La mera presencia humana altera de formas complejas el comportamiento de la fauna

Redacción Ciencia, 21 may (EFE).- La simple presencia cotidiana de los humanos, y no solo cómo alteran el paisaje, es una fuerza ecológica fundamental que condiciona cómo los animales usan su entorno y se desplazan por él, lo que tiene implicaciones para los esfuerzos de conservación.
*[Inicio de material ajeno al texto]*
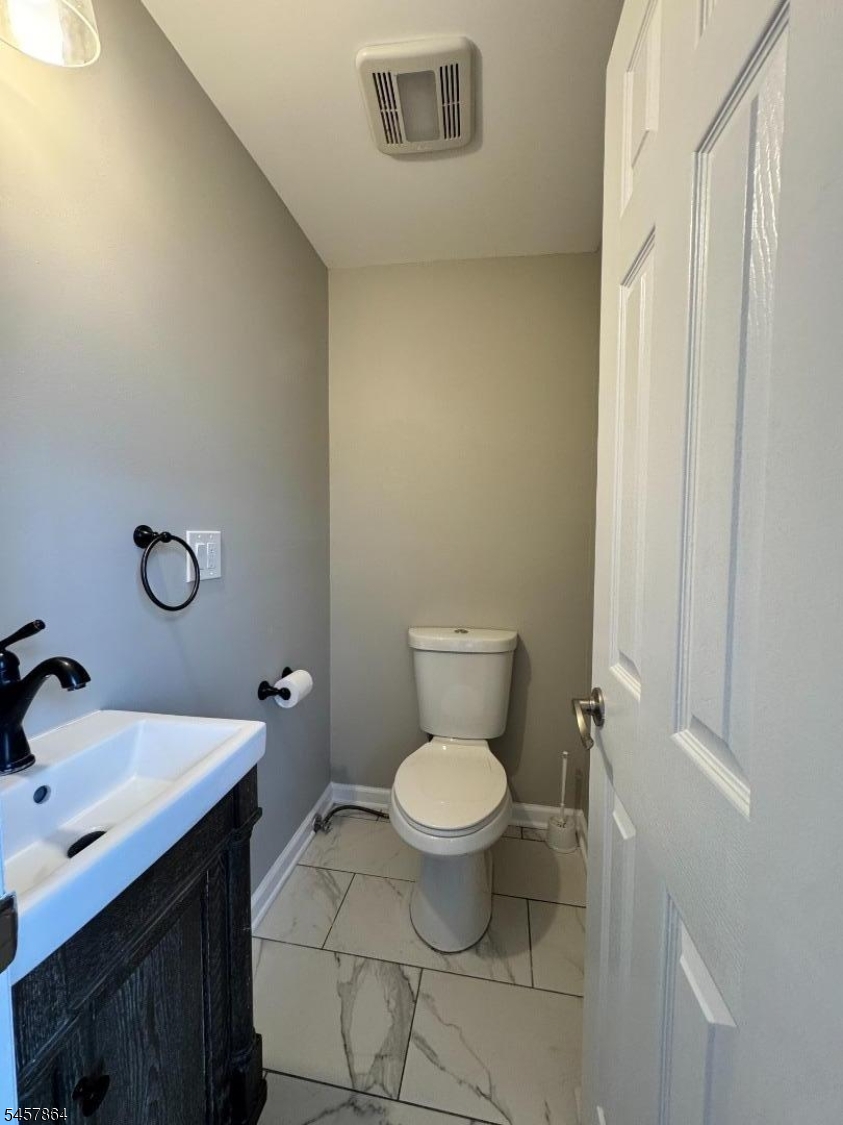 968 Dehart Pl Property Photo 4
Un nuevo estudio a gran escala combinó datos sobre el número de dispositivos móviles y vehículos en cada bloque censal de EE. UU., como indicador de la presencia humana, con mediciones detalladas de la modificación del paisaje por el ser humano y datos de seguimiento de más de 4.500 aves y mamíferos de 37 especies.

El estudio encabezado por la Universidad de Yale (EE. UU.)y que publica Science concluye que incluso pequeños cambios en la forma en que las personas se desplazan por los entornos pueden afectar significativamente al comportamiento animal.

Más del 65 % de las especies estudiadas modificaban su comportamiento en función de la presencia humana, la cual tendía a ser más determinante en entornos naturales menos urbanizados.

Los investigadores utilizaron dispositivos GPS para rastrear 22 especies de aves y 15 de mamíferos, recopilaron unos 11,8 millones de puntos de localización de más de 4.500 animales.

Entre las especies rastreadas estaban el ciervo de cola blanca, el lobo, el coyote, el mapache, la mofeta y algunos grandes felinos, además de cuervos, buitres, halcones, patos, grullas o cigüeñas.

Las especies respondían de formas distintas, pues mientras algunas reducían el espacio, otras hacían lo contrario, apunta la investigación.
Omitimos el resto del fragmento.